State revises economic growth forecast lower

Advertiser Staff

Hawai'i's $61.8-billion economy will grow at a slightly lower rate than previously forecast this year and next, according a new forecast from the state Department of Business, Economic Development and Tourism.

The forecast calls for the economy to grow by 2.5 percent when inflation is accounted for, or lower than the 2.8 percent the state had been expecting.

The lower projection was driven by several factors, including higher-than-expected inflation and tourism counts that are expected to decline this year. The state's forecast for visitor arrivals calls for a 1.4 percent decline this year given continued sluggishness in air travel coupled with NCL America pulling two cruise ships out of interisland cruises.
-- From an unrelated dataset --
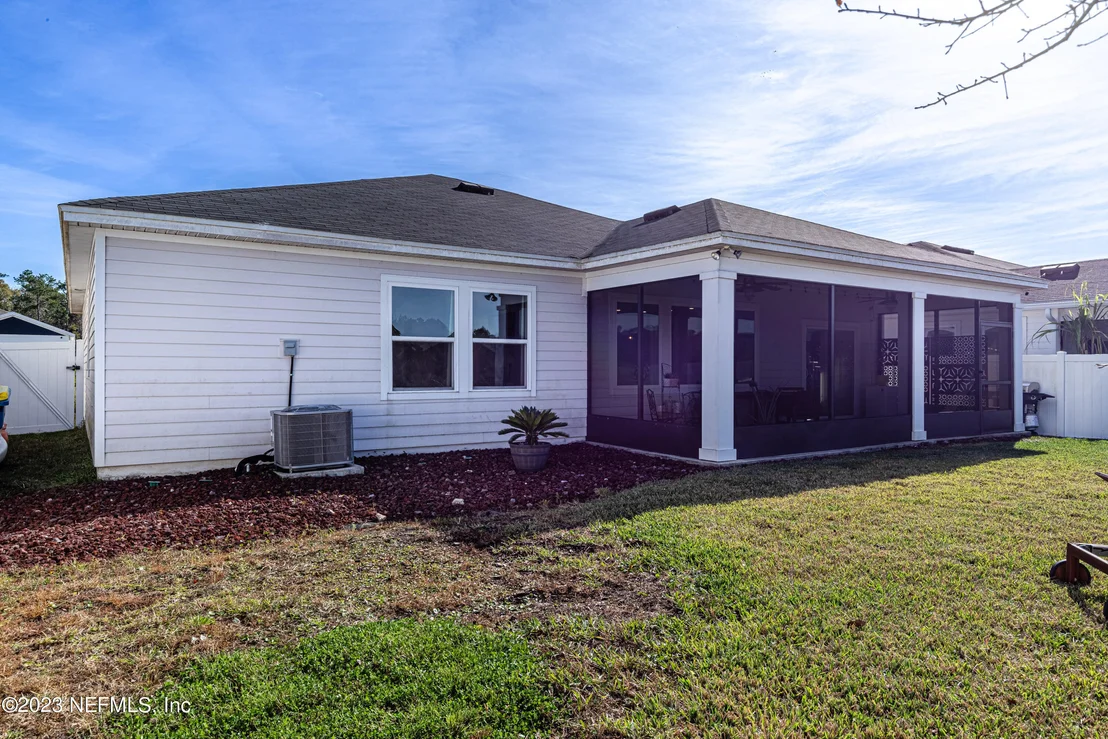 Photo of Unit 6 at 12056 BRIDGEHAMPTON Road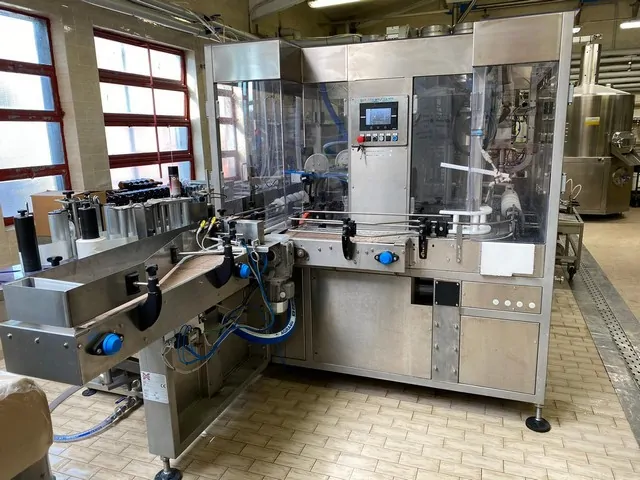 Used filling monoblock isobaric Axtra photo 8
Previously the state had thought visitor arrivals would grow by 1 percent this year, reversing a 0.8 percentage decline that occurred in 2007.

"We still expect continued job growth in professional and business services, construction, food service and health services that should counter weakened visitor activity," said Theodore E. Liu, DBEDT director, in a press statement.

"As a result, we continue to forecast moderate economic growth during the next few years."

Other revisions in the forecast include:

  • Visitor expenditures will rise 1.5 percent this year instead of the 4 percent projected previously.

  • Honolulu's rate of inflation will be 4 percent instead of 3.8 percent.

  • Personal income adjusted for inflation will grow at a 1.6 percent pace instead of 1.8 percent.

    The state also lowered its economic growth projection for next year in lowering visitor arrival expectations for 2009.

    It now expects the economy, as measured by gross domestic product adjusted for inflation, to increase 2.5 percent instead of 2.7 percent.